Well, now Star gets what she’s always longed for; not just any mother…her mother. What I discovered, after fifteen years of raising another woman’s kids, after fifteen years of being “the other mother” is this: In my heart I know that I have provided many necessary essentials – food, clothing, help with homework, a smiling face in the crowd at their games, talks about right and wrong, hugs, birthday cakes, participation in parent/teacher conferences, doctor and dentist appointments, and so much more – but in the end, the one thing I could never ever be for them…is her.
I love you Star Bar. I’ll be keeping you in my prayers. I hope we have stacked enough into your brain and stored enough into your heart to keep your future decisions clear. Lord, keep her safe, happy, and knowing that she is loved.

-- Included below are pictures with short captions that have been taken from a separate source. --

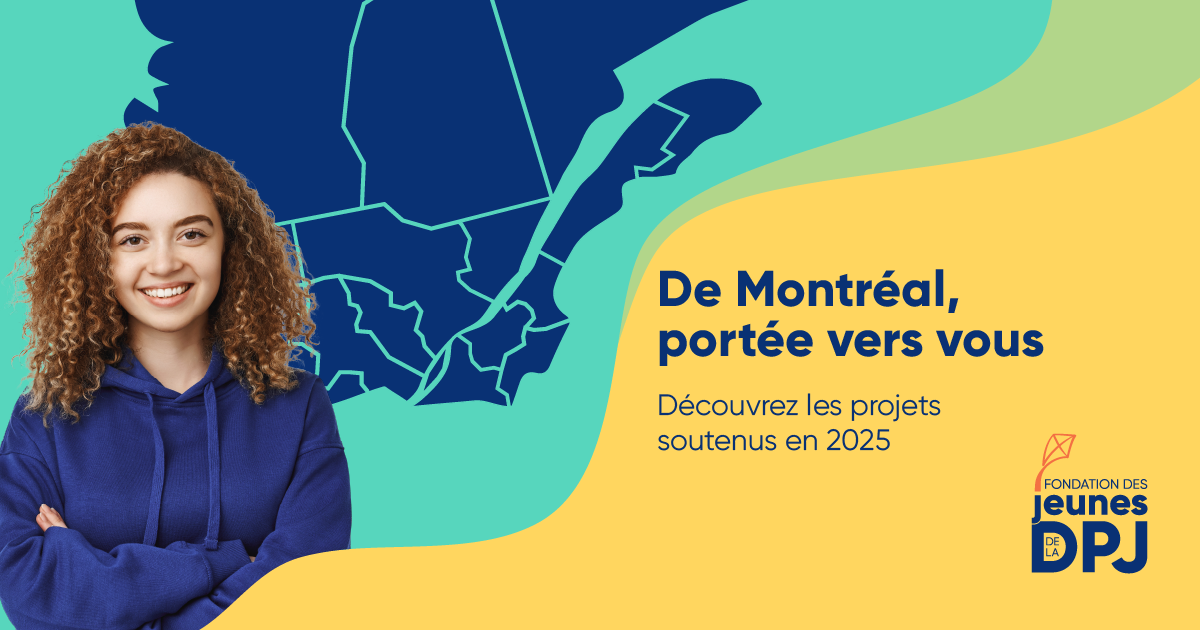 Appel de propositions 2025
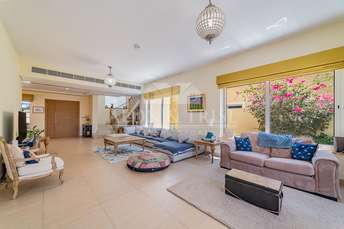 4 BR  Villa For Rent in Legacy Nova, Jumeirah Park, Dubai - 5438662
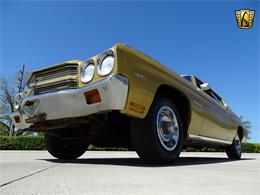 1970 Chevrolet Malibu (CC-1085585) for sale in Houston, Texas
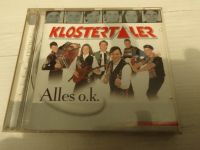 Klostertaler - Alles O.K. CD 1999 #119 Lübeck - St. Lorenz Süd Vorschau
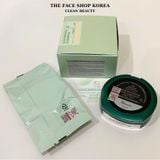  Phấn nền nén che phủ cao dưỡng sáng da OHUI Ultimate Cover Denier Pact SPF50+/PA+++ 15g kèm Lõi 15g 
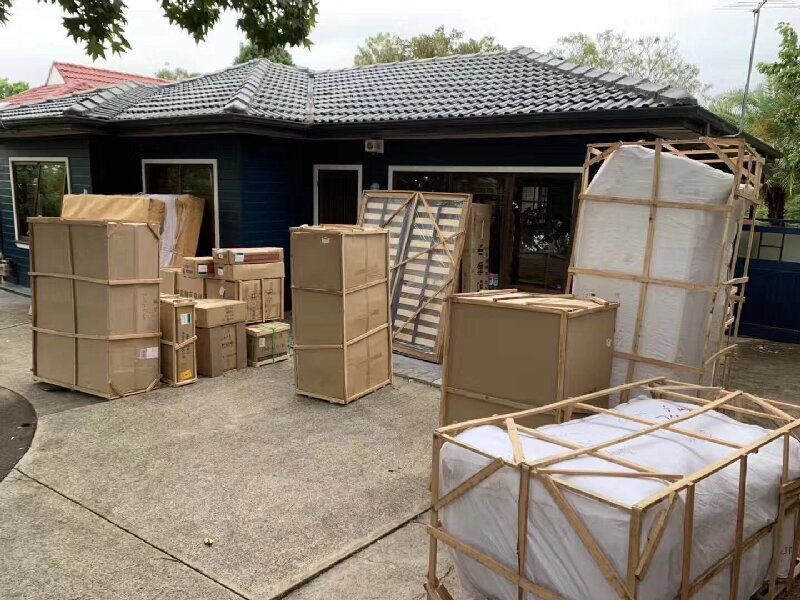 溫州至郟縣物流公司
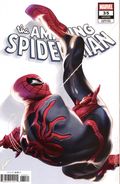 Amazing Spider-Man (2025 8th Series) 35D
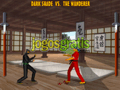 Jogo de luta Bushido Fighters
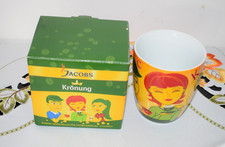 1 Jacobs Ritzenhoff Tasse Becher 11. Edition Jede Tasse bringt uns näher OVP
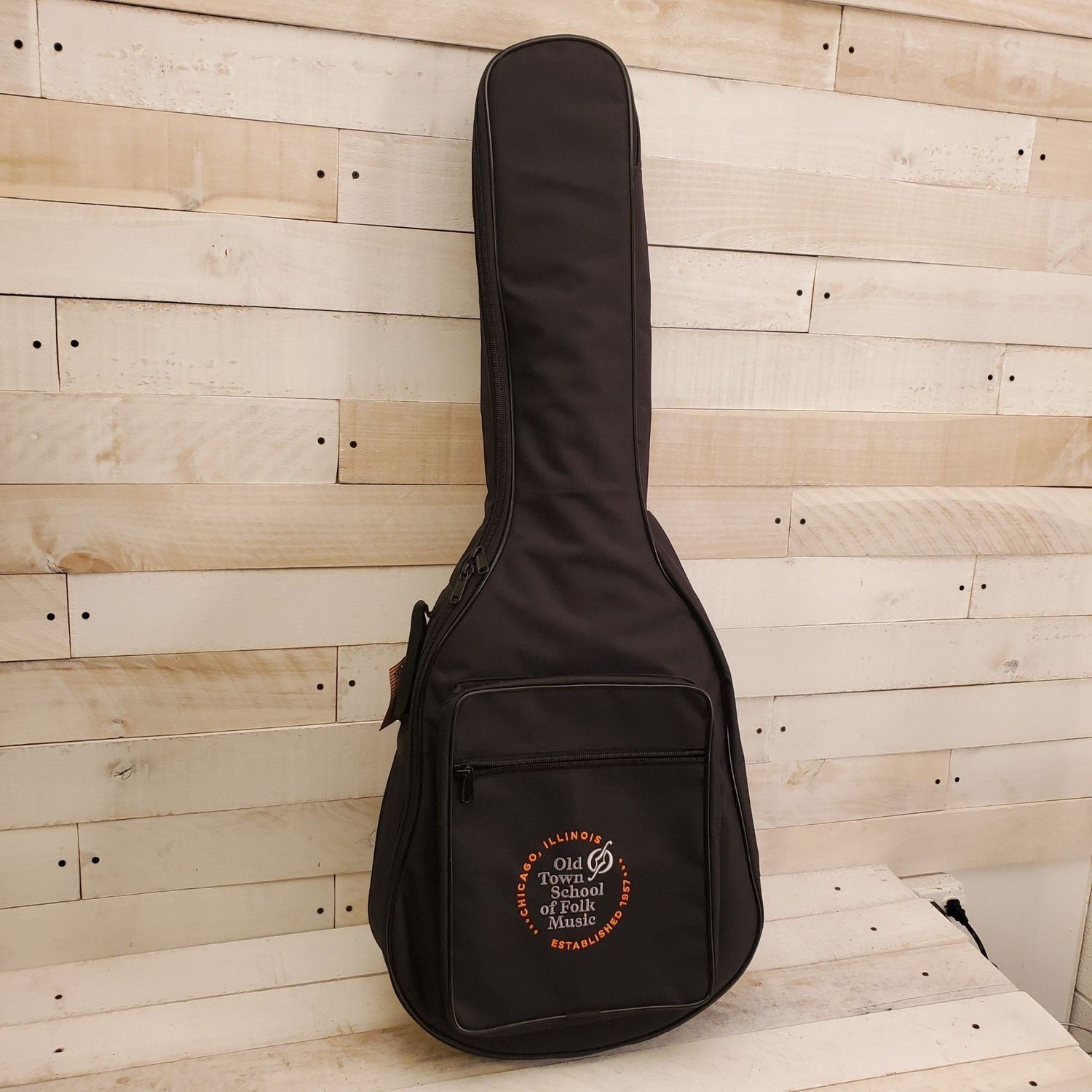 OTS Logo Level 1 Dreadnought Guitar Gig Bag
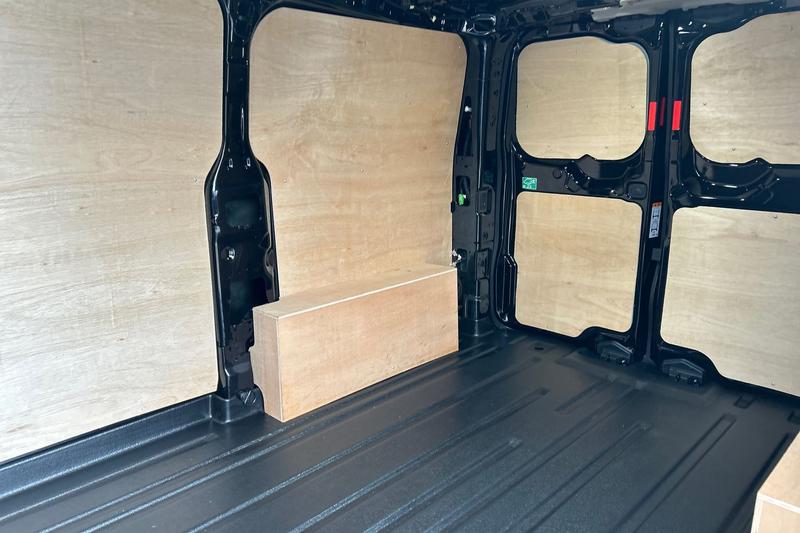 Used Ford Transit Custom 2025 for sale - 77659795: Photo 5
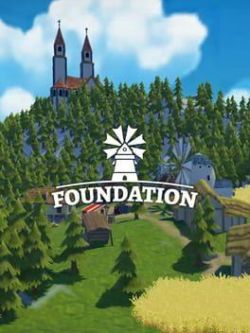 Foundation-GOG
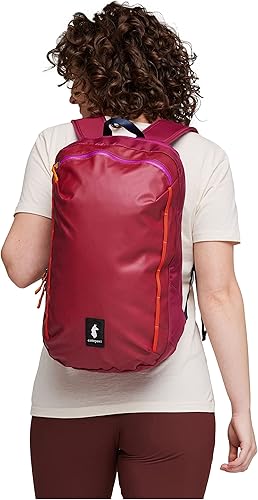 Miniatura 5 de Cotopaxi Mochila Vaya 18L - CADA Dia - Frambuesa 18L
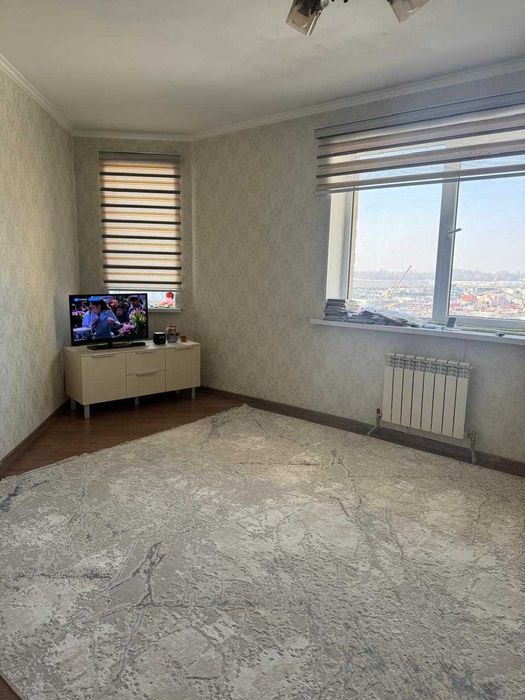 Продается однушка в мкр. Нуркент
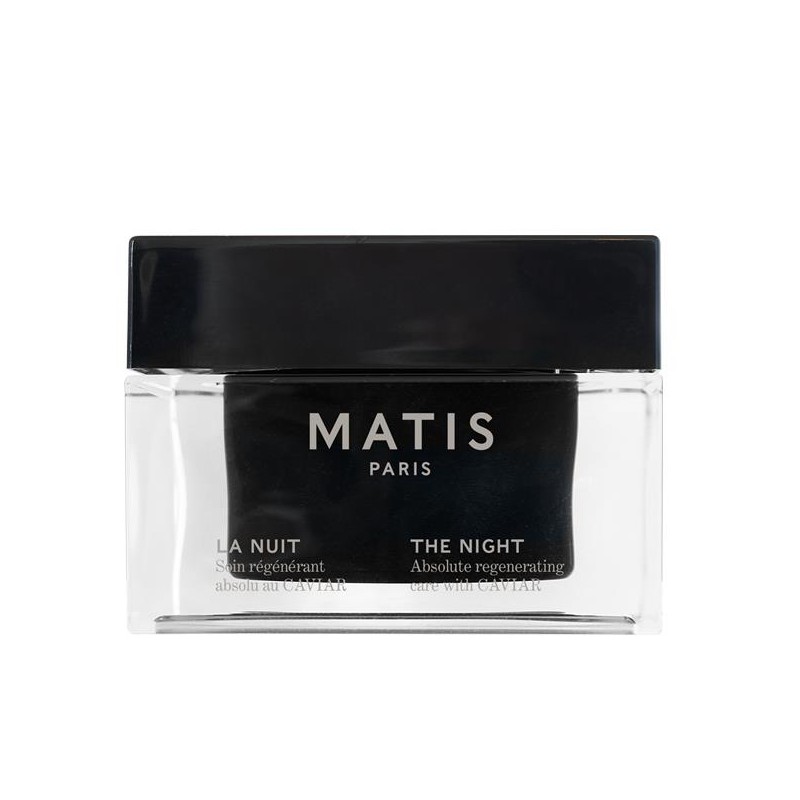 Matis Reponse Caviar The Night Cream 50 ml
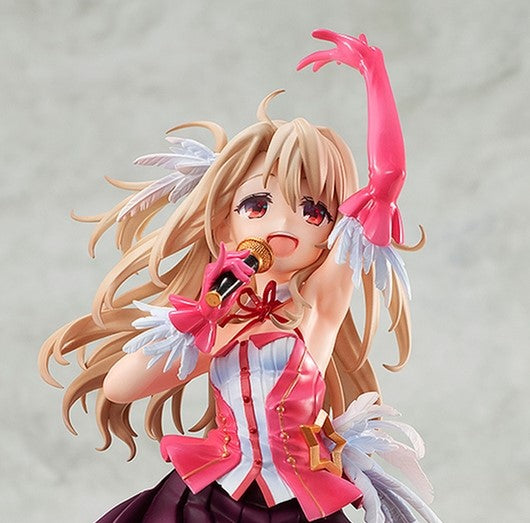 Fate/kaleid liner Prisma☆Illya - Illyasviel von Einzbern: Prisma☆Klangfest Ver. 1/7 Scale Figure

Break my heart… Lord has great plans for this child!! She is HIS daughter before ANY one else!! She is under His care & His love… She knows how much you have loves + cared for her & I guarantee she is forever grateful for all you + your family has done… she just may not know it yet…
You’re one amazing woman Donna!! I pray the Lord continues to bless you & yours!!!
Isn’t the “letting go” part the hardest part of parenting? I am sure that your love and support have set her on the right path.
Yes Girl, it is so hard to let them go. I hope she takes everything we showed her and can apply it, in positive ways, toward her new life. I’ll keep her “covered” in prayer and I know that’s the most important thing anyway. Thanks for the comment, and for stopping by my site.